• _What you have to do_: Output, word for word, the line that contains "Три прозы. Взятие" and all lines after it in the records below, omitting pictures.

━━━ Input material

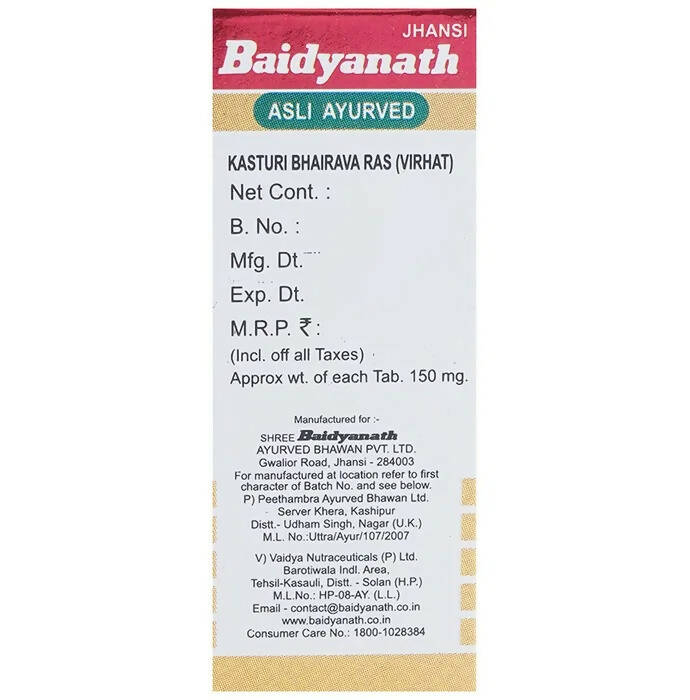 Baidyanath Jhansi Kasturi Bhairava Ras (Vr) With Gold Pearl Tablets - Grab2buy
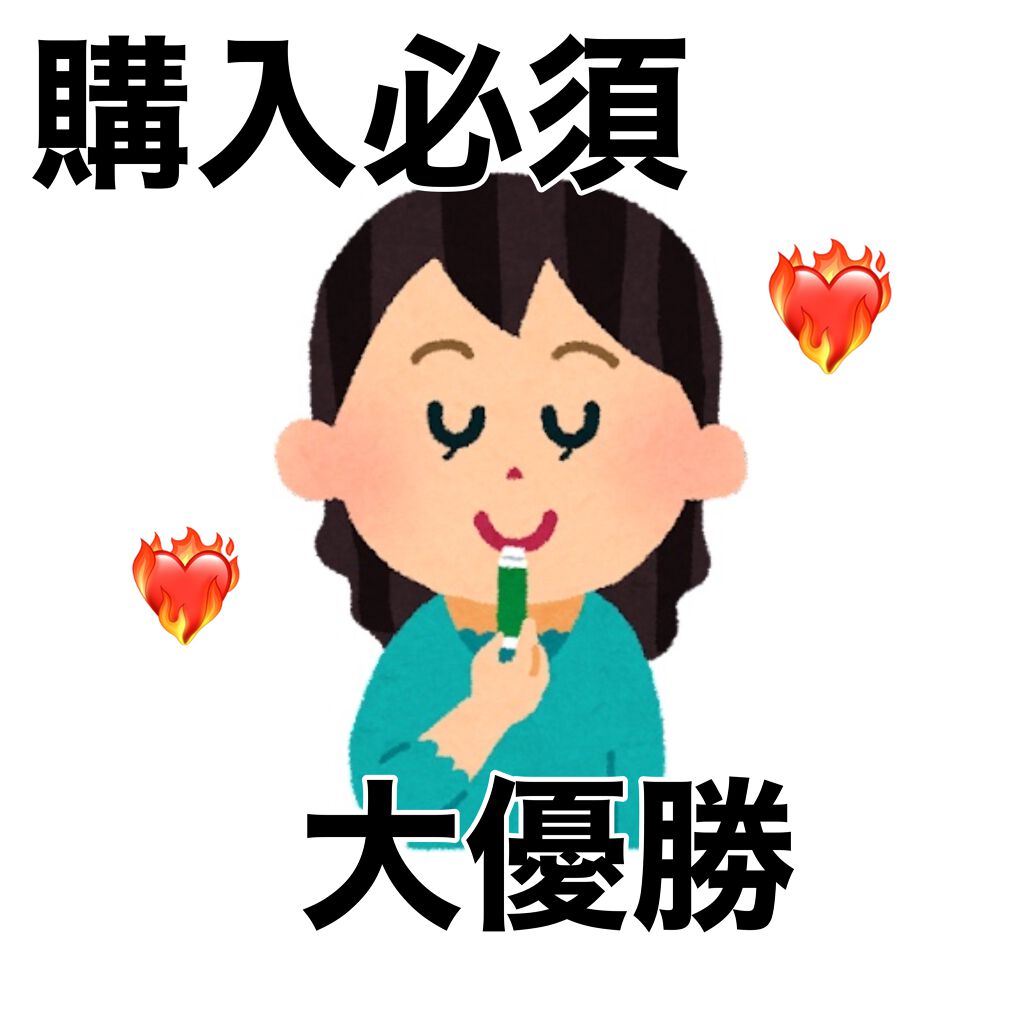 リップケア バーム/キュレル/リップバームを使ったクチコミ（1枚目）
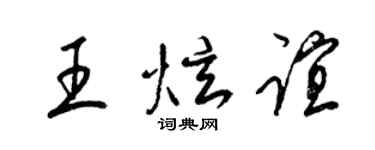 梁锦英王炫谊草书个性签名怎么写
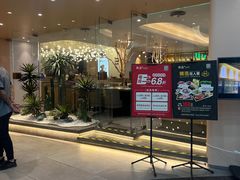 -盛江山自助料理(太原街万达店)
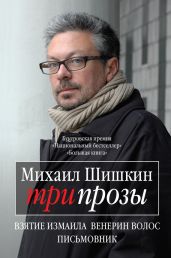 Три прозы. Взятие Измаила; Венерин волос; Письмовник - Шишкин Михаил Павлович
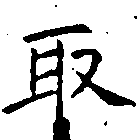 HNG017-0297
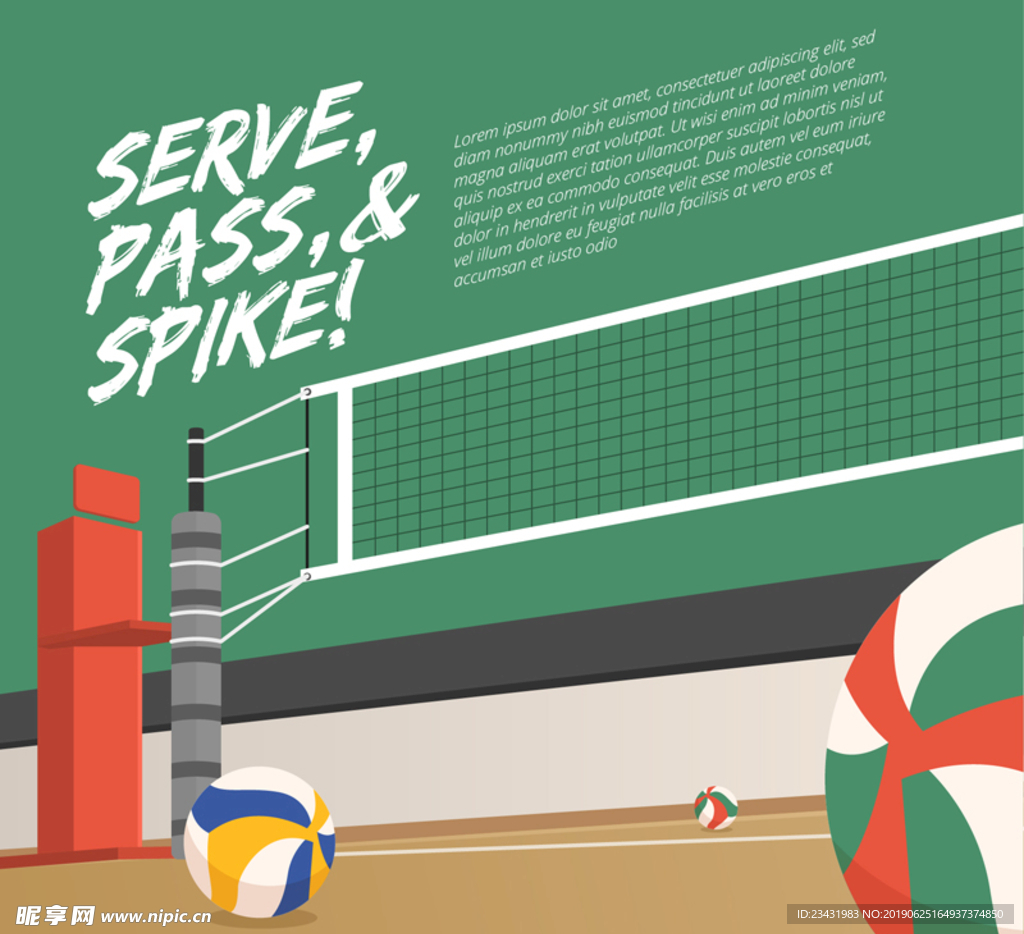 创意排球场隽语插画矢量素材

━━━━━━

• _The answer_:
 Три прозы. Взятие Измаила; Венерин волос; Письмовник - Шишкин Михаил Павлович
 HNG017-0297
 创意排球场隽语插画矢量素材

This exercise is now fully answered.